Probody Therapeutic Design of Zr-CX-072 Promotes Accumulation in PD-L1-Expressing Tumors Compared to Normal Murine Lymphoid Tissue.

Purpose: Probody therapeutic CX-072 is a protease-activatable antibody that is cross-reactive with murine and human programmed death-ligand 1 (PD-L1). CX-072 can be activated by proteases present in the tumor microenvironment, thereby potentially reducing peripheral, anti-PD-L1-mediated toxicities. To study its targeting of PD-L1-expressing tissues, we radiolabeled CX-072 with the PET isotope zirconium-89 (Zr).

Experimental Design: Zr-labeled CX-072, nonspecific Probody control molecule (PbCtrl) and CX-072 parental antibody (CX-075) were injected in BALB/c nude mice bearing human MDA-MB-231 tumors or C57BL/6J mice bearing syngeneic MC38 tumors. Mice underwent serial PET imaging 1, 3, and 6 days after intravenous injection (pi), followed by biodistribution. Intratumoral Zr-CX-072 distribution was studied by autoradiography on tumor tissue sections, which were subsequently stained for PD-L1 by IHC. Activated CX-072 species in tissue lysates were detected by Western capillary electrophoresis.

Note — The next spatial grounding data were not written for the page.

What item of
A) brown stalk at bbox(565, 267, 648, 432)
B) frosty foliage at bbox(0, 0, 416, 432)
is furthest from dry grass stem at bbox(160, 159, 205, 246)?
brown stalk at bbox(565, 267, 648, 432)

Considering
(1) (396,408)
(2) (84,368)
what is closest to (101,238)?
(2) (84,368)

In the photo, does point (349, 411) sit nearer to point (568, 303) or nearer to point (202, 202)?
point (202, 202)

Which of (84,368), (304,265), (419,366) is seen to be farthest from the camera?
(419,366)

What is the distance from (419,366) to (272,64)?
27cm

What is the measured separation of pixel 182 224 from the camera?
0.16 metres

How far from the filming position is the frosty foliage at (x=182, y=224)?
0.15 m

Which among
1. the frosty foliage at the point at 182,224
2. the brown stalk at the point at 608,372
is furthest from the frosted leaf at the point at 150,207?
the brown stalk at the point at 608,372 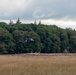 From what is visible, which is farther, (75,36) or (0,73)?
(75,36)

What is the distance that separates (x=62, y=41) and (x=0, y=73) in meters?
88.0

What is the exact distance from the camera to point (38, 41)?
349 ft

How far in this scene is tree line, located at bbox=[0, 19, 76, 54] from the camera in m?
99.6

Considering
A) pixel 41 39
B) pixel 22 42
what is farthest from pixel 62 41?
pixel 22 42

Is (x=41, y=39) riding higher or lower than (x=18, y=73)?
higher

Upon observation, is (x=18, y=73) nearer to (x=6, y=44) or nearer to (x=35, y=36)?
(x=6, y=44)

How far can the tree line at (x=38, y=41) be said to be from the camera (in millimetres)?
99556

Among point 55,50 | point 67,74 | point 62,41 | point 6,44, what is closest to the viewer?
point 67,74

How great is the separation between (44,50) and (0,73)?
8125cm

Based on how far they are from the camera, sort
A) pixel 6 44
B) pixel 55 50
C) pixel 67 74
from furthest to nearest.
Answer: pixel 55 50 → pixel 6 44 → pixel 67 74

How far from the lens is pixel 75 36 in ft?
387

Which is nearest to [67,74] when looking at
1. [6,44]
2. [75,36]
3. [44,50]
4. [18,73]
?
[18,73]

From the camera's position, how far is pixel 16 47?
99750 millimetres

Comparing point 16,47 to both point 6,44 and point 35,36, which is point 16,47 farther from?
point 35,36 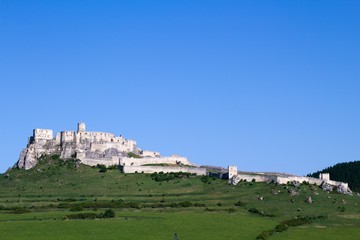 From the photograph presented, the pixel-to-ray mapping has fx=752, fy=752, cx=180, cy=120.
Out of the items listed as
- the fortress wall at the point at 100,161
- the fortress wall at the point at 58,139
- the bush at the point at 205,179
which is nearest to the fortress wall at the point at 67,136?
the fortress wall at the point at 58,139

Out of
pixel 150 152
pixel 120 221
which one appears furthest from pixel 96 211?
pixel 150 152

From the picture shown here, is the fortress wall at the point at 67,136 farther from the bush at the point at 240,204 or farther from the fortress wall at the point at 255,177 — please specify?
the bush at the point at 240,204

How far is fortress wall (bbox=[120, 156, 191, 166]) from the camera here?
175 metres

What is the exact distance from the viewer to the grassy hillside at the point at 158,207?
358 ft

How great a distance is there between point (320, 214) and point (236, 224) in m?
20.0

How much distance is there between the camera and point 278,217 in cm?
12481

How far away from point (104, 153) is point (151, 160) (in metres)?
11.5

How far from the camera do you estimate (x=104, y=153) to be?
594 ft

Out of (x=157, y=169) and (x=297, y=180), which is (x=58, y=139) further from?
(x=297, y=180)

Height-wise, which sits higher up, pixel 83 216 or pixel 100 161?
Result: pixel 100 161

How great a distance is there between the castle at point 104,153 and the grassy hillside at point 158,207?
322 cm

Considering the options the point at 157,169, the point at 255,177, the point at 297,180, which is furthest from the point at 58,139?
the point at 297,180

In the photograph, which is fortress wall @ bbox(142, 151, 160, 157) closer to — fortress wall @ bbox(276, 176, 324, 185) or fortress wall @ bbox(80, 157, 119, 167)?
fortress wall @ bbox(80, 157, 119, 167)

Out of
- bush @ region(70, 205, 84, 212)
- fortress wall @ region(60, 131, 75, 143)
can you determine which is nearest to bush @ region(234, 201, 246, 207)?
bush @ region(70, 205, 84, 212) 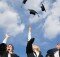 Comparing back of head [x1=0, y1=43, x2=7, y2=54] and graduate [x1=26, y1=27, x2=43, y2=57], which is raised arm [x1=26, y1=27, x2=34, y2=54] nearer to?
graduate [x1=26, y1=27, x2=43, y2=57]

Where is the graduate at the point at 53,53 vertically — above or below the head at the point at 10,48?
below

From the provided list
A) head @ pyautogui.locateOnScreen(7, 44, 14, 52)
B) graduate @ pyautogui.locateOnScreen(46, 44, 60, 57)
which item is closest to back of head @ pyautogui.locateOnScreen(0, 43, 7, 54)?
head @ pyautogui.locateOnScreen(7, 44, 14, 52)

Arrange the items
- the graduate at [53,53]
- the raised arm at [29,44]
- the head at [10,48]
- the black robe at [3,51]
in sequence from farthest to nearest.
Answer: the graduate at [53,53], the black robe at [3,51], the head at [10,48], the raised arm at [29,44]

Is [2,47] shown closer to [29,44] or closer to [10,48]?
[10,48]

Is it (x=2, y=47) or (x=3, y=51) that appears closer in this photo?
(x=3, y=51)

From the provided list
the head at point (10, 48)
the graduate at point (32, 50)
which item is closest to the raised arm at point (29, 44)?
the graduate at point (32, 50)

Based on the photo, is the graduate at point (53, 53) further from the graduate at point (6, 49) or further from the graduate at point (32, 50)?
the graduate at point (6, 49)

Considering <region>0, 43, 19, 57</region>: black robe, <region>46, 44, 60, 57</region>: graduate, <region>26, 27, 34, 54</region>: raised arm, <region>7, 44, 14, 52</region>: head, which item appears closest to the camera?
<region>26, 27, 34, 54</region>: raised arm

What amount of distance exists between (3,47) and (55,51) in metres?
2.36

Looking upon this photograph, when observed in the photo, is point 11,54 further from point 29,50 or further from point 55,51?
point 55,51

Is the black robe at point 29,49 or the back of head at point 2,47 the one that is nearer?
the black robe at point 29,49

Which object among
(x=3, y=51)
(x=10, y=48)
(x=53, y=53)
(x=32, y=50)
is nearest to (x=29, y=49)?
(x=32, y=50)

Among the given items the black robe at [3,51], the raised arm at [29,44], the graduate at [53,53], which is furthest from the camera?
the graduate at [53,53]

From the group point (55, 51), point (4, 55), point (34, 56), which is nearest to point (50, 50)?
point (55, 51) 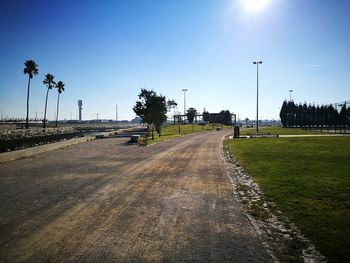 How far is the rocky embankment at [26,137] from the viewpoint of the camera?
96.6 feet

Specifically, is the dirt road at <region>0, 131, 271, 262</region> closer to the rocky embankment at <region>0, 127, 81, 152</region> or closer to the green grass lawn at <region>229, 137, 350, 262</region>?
the green grass lawn at <region>229, 137, 350, 262</region>

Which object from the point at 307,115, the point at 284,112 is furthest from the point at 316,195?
the point at 284,112

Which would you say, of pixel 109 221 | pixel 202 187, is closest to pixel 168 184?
pixel 202 187

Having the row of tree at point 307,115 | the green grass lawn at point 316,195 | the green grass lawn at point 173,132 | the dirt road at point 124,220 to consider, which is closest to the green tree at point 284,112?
the row of tree at point 307,115

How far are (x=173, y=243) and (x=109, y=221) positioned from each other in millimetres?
2400

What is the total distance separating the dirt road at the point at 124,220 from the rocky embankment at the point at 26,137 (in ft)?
50.2

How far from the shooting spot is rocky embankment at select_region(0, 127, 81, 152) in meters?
29.4

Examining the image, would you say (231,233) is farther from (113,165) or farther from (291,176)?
(113,165)

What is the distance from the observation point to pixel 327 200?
400 inches

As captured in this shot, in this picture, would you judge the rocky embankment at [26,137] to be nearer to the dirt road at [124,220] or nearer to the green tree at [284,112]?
the dirt road at [124,220]

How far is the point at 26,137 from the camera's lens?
3416 cm

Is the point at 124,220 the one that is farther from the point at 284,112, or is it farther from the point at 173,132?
the point at 284,112

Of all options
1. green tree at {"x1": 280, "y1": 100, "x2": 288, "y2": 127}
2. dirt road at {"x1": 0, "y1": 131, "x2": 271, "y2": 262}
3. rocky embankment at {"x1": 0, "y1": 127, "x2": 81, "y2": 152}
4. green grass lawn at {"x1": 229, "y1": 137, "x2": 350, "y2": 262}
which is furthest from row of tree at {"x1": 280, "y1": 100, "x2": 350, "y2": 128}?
dirt road at {"x1": 0, "y1": 131, "x2": 271, "y2": 262}

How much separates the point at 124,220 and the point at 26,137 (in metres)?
29.7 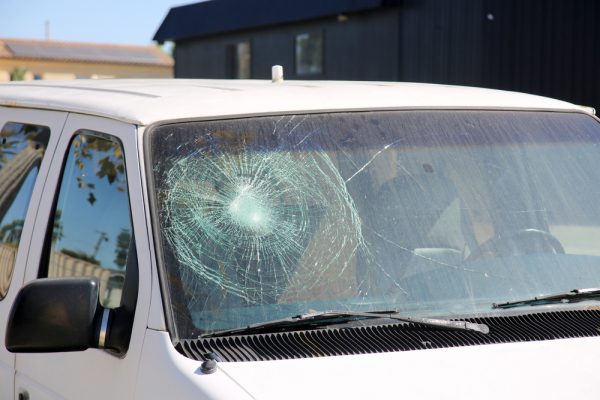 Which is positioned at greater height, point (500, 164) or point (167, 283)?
point (500, 164)

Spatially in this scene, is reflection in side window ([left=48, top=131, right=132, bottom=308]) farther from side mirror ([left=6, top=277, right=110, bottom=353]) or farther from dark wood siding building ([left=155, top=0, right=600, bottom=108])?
dark wood siding building ([left=155, top=0, right=600, bottom=108])

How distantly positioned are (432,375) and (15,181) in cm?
184

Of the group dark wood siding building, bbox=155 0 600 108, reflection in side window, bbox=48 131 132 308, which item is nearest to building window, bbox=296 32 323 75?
dark wood siding building, bbox=155 0 600 108

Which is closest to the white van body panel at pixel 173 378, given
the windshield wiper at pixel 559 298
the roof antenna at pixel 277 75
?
the windshield wiper at pixel 559 298

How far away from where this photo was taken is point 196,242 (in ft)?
8.48

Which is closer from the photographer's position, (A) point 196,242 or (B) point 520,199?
(A) point 196,242

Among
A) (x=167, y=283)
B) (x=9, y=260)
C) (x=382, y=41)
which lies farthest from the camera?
(x=382, y=41)

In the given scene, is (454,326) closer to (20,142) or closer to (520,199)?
(520,199)

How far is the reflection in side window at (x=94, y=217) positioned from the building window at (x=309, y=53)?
22.7m

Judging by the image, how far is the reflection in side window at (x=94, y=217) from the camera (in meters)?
2.87

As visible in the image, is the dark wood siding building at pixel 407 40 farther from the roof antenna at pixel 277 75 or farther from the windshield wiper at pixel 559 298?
the windshield wiper at pixel 559 298

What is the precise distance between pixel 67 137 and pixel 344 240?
3.25 feet

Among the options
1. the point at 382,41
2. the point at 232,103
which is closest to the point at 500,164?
the point at 232,103

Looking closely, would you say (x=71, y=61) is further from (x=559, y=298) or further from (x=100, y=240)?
(x=559, y=298) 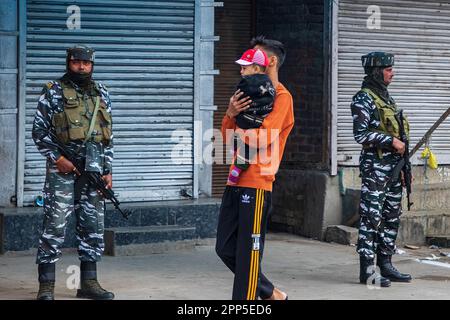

Results: PET imaging revealed Zr-CX-072 accumulation in MDA-MB-231 tumors with 2.1-fold higher tumor-to-blood ratios at 6 days pi compared with Zr-PbCtrl. Tumor tissue autoradiography showed high Zr-CX-072 uptake in high PD-L1-expressing regions. Activated CX-072 species were detected in these tumors, with 5.3-fold lower levels found in the spleen. Furthermore, Zr-CX-072 uptake by lymphoid tissues of immune-competent mice bearing MC38 tumors was low compared with Zr-CX-075, which lacks the Probody design.

Conclusions: Zr-CX-072 accumulates specifically in PD-L1-expressing tumors with limited uptake in murine peripheral lymphoid tissues. Our data may enable clinical evaluation of Zr-CX-072 whole-body distribution as a tool to support CX-072 drug development (NCT03013491).